Scarborough seemed to suggest Bannon — who has reportedly clashed with Kushner in behind-the-scenes power struggles — had been dribbling leaks about the president’s son-in-law and senior adviser, and former FBI agent Clint Watts agreed.
“I am tired of hearing about this ‘deep state’ leaking intelligence,” Watts said. “There’s only one way to get all these dots connected, and you have to have someone in the center. We hear about NSA, you know, a memo being there, the (director of national intelligence), a memo being there, Comey having memos about pressure regarding Russia — that comes from the center. It is very difficult, if you’re in journalism or intelligence, to get sources who want to give up their entire career and potentially go to jail in six or seven different locations in the intelligence community. I don’t believe our intelligence professionals are coughing up this information — I believe it’s in Donald Trump’s house.”
Another ex-Obama aide Ron Klain thinks that the leaks are an effort to throw Donald Jr. to the wolves in order to save Jared Kushner. RawStory:
“It seems to me that the Trump administration knew this was coming out,” [MSNBC's Lawrence] O’Donnell began. “Manafort disclosed it, the House investigators know it. Now it’s on Jared Kushner’s disclosure form finally, and it represents a possible crime in Jared Kushner’s case because he did not put it on his original disclosure forms. So at some point, the Trump administration has the decision: do we want to see this thing come out in the middle of a House hearing that Jared Kushner is the witness at — where it lands as a bombshell on Jared Kushner — or do we want it to come out before that and maybe come out with Donald Trump Jr. being the star because Donald Trump Jr. doesn’t face the same criminal liability as Jared Kushner does?”

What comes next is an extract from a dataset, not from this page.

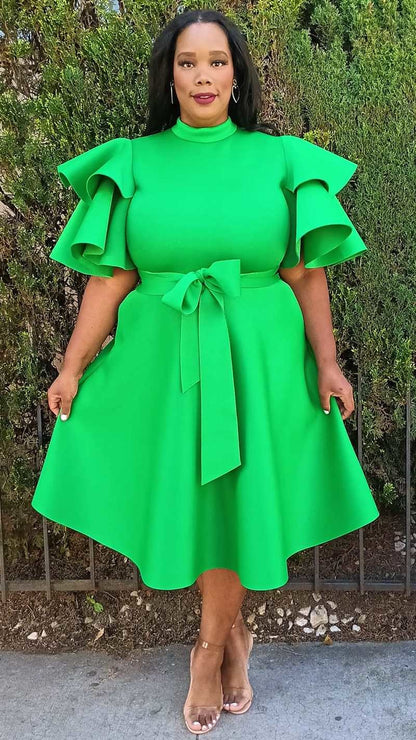 Plus Size Extravagant Fit and Flare Midi Dress With Belt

“Yeah. you know, they’re shaping up for a very interesting Thanksgiving dinner in the Trump household,” Klain joked. “I mean, it does feel to me, kind of like you implied, that perhaps this story was put out and hung on Donald Trump’s son to move it away from Donald Trump’s son-in-law, who definitely has more legal exposure, who is right in the heart of the White House, who’s in the middle of all these policy matters, who played a role in firing FBI Director [James] Comey, who supposedly is one of the people who advised the president to fire Director Comey, who has been threatening your colleagues here at MSNBC with bad stories and all these things.”
“It may well be, as incredible as this is, that this was an effort by the Trump White House to hang this on Donald Trump Jr. and move it away from Jared Kushner,” he speculated.
It’s a safe bet that any information coming out of the White House, leaked or otherwise, is coming out with Steve Bannon’s blessing or not at all. Steve Bannon is back in Trump's good graces, after his biblical fall from grace in February, when the TIME Magazine cover depicting Bannon as "the great manipulator" earned Bannon Trump's displeasure, at least for a time. Now, like Rasputin, Steve Bannon has proven more difficult to get rid of than was originally thought. Moreover, apparently Bannon is the only one that Trump can depend upon. He's out of the doghouse and leading the charge against Robert Mueller, and the Trump-Russia investigation according to New York Magazine:
“If the whole White House is backed up against the wall facing a firing squad, Steve will stay there,” says Ken Cuccinelli, president of the Senate Conservatives Fund. “Reince [Priebus] and the other guys will run.”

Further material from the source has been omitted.